Start of Block
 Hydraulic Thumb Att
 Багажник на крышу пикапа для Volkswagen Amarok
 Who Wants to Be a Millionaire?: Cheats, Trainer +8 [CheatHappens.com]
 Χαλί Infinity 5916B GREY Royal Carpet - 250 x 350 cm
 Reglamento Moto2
End of Block
Start of Block
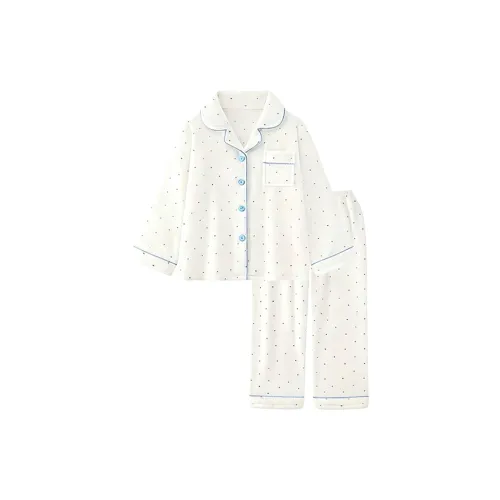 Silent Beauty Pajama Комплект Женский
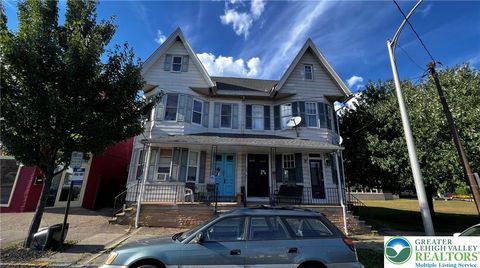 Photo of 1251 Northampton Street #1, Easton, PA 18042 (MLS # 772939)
End of Block
Problem details: Range to print from the listing above: from the line with "Silent Beauty Pajama Комплект Женский" up to and including the line with "Photo of 1251". Please print those lines exactly, with no pictures and nothing more.

Solution to this task:
 Silent Beauty Pajama Комплект Женский
 Photo of 1251 Northampton Street #1, Easton, PA 18042 (MLS # 772939)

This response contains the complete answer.